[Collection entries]
_ _ _ _ _ _ _

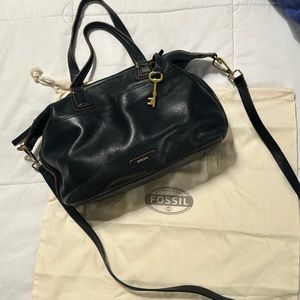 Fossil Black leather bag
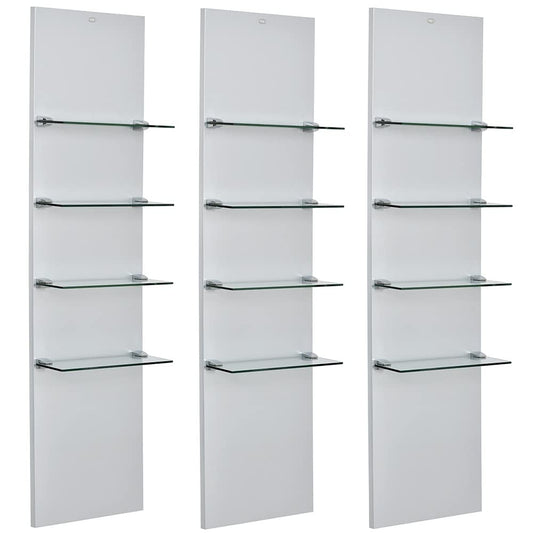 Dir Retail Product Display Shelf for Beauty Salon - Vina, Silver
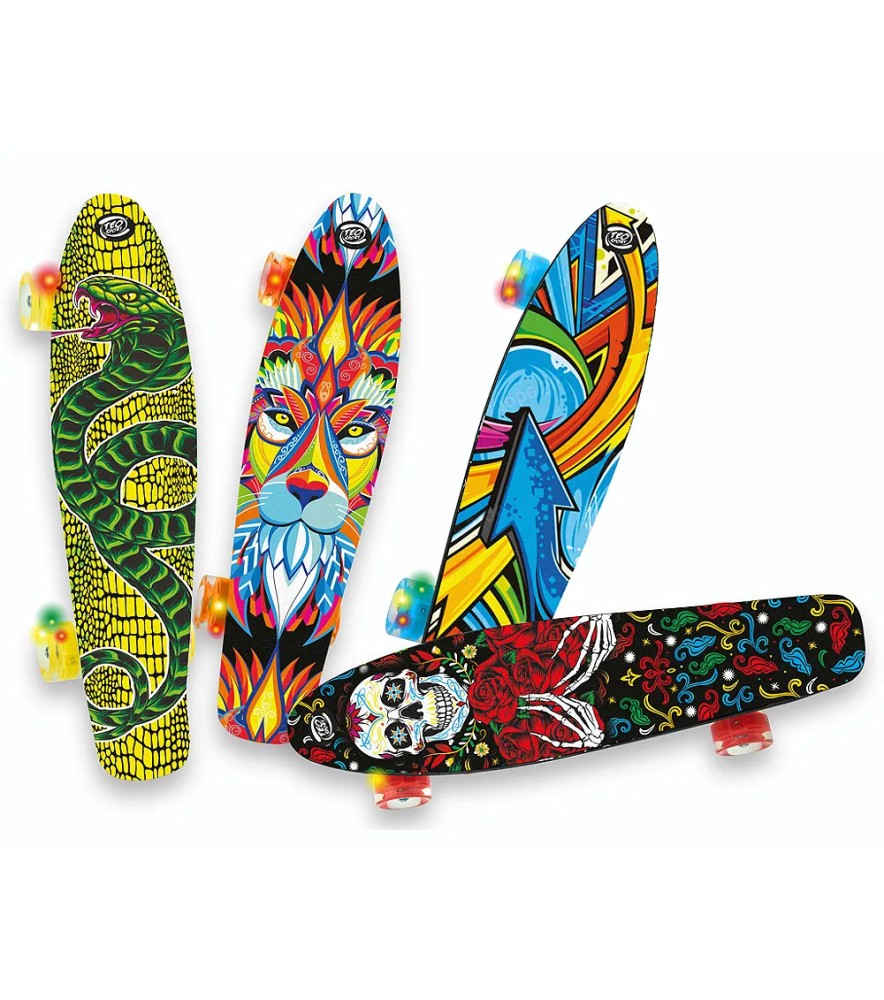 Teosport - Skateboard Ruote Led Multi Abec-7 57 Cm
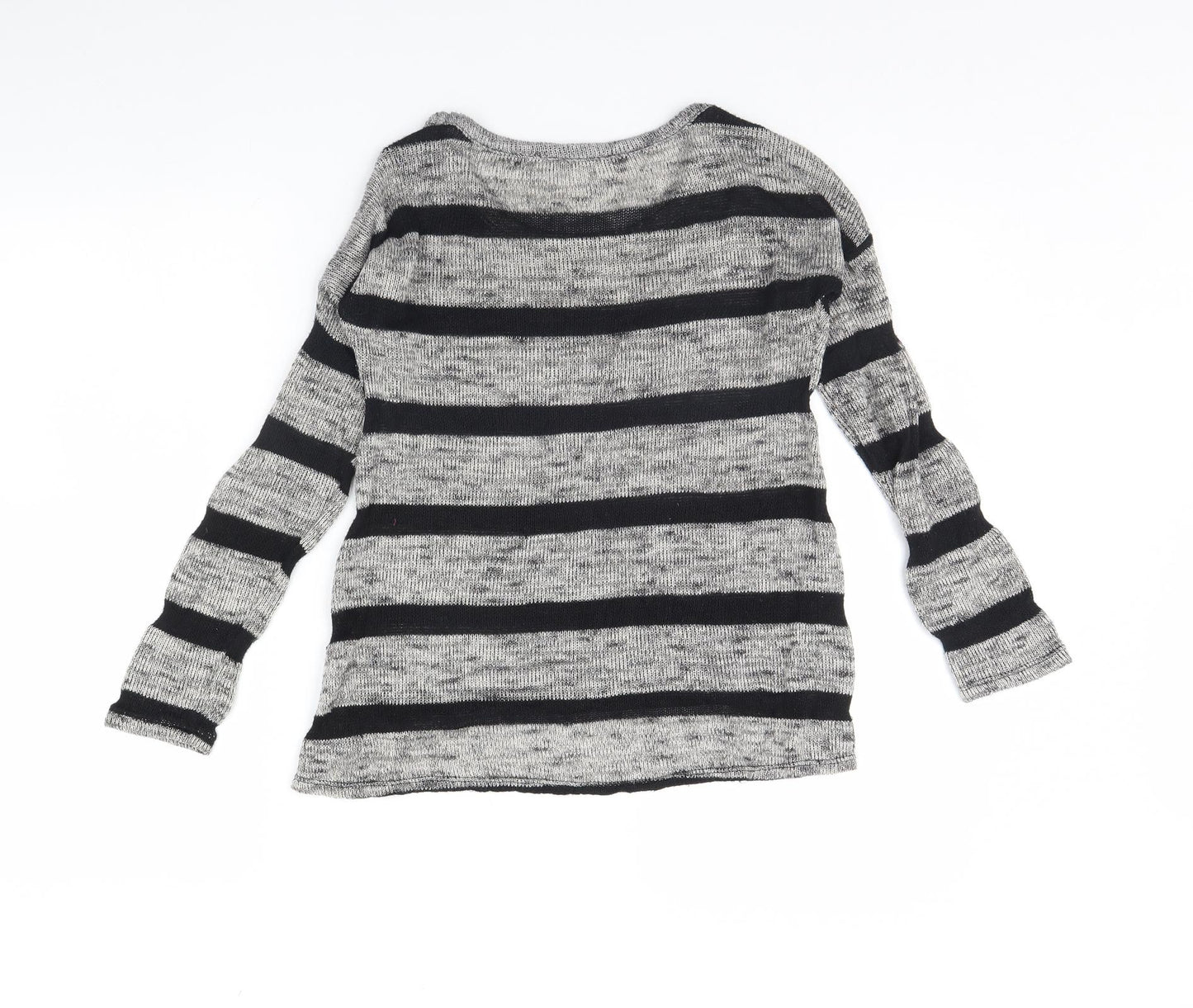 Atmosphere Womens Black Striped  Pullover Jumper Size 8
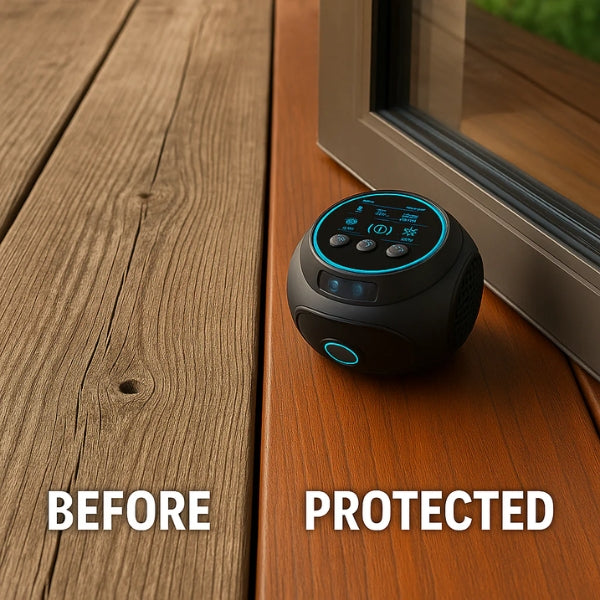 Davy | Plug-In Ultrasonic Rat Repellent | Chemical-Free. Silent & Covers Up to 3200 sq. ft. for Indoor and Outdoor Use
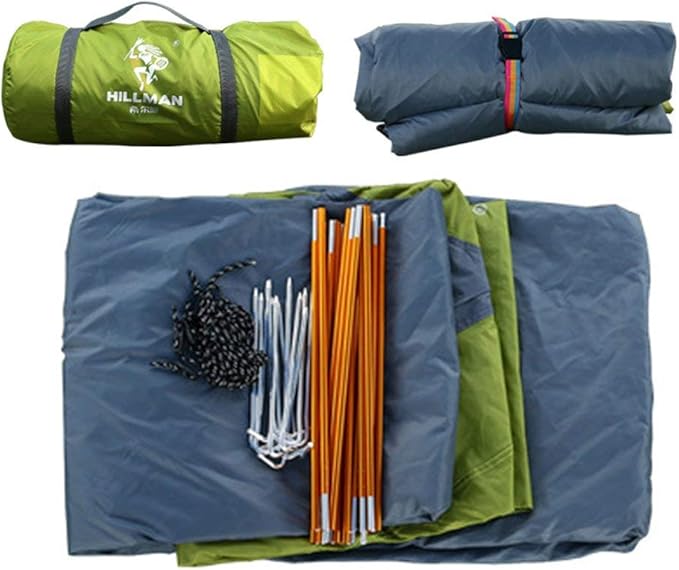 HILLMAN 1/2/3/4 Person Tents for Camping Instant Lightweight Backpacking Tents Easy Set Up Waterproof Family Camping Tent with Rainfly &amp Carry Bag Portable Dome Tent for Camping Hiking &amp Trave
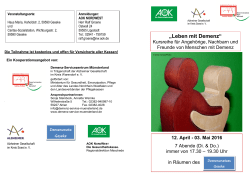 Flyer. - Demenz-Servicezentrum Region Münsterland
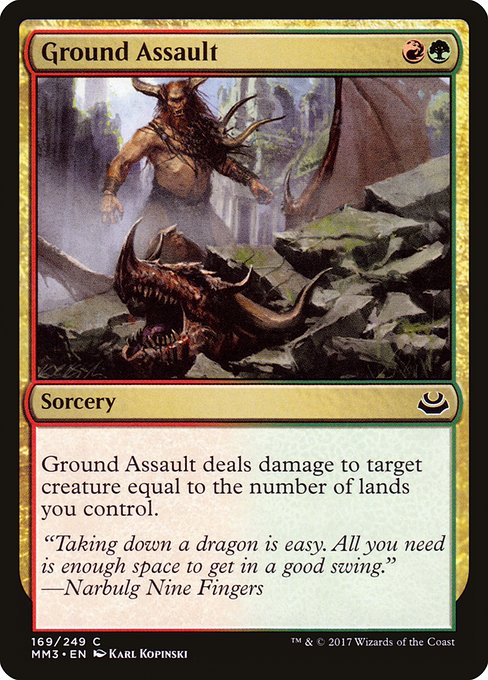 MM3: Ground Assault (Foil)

_ _ _ _ _ _ _

Work order »
Once the pictures are set aside, write out each record exactly.

Response »
 Fossil Black leather bag
 Dir Retail Product Display Shelf for Beauty Salon - Vina, Silver
 Teosport - Skateboard Ruote Led Multi Abec-7 57 Cm
 Atmosphere Womens Black Striped  Pullover Jumper Size 8
 Davy | Plug-In Ultrasonic Rat Repellent | Chemical-Free. Silent & Covers Up to 3200 sq. ft. for Indoor and Outdoor Use
 HILLMAN 1/2/3/4 Person Tents for Camping Instant Lightweight Backpacking Tents Easy Set Up Waterproof Family Camping Tent with Rainfly &amp Carry Bag Portable Dome Tent for Camping Hiking &amp Trave
 Flyer. - Demenz-Servicezentrum Region Münsterland
 MM3: Ground Assault (Foil)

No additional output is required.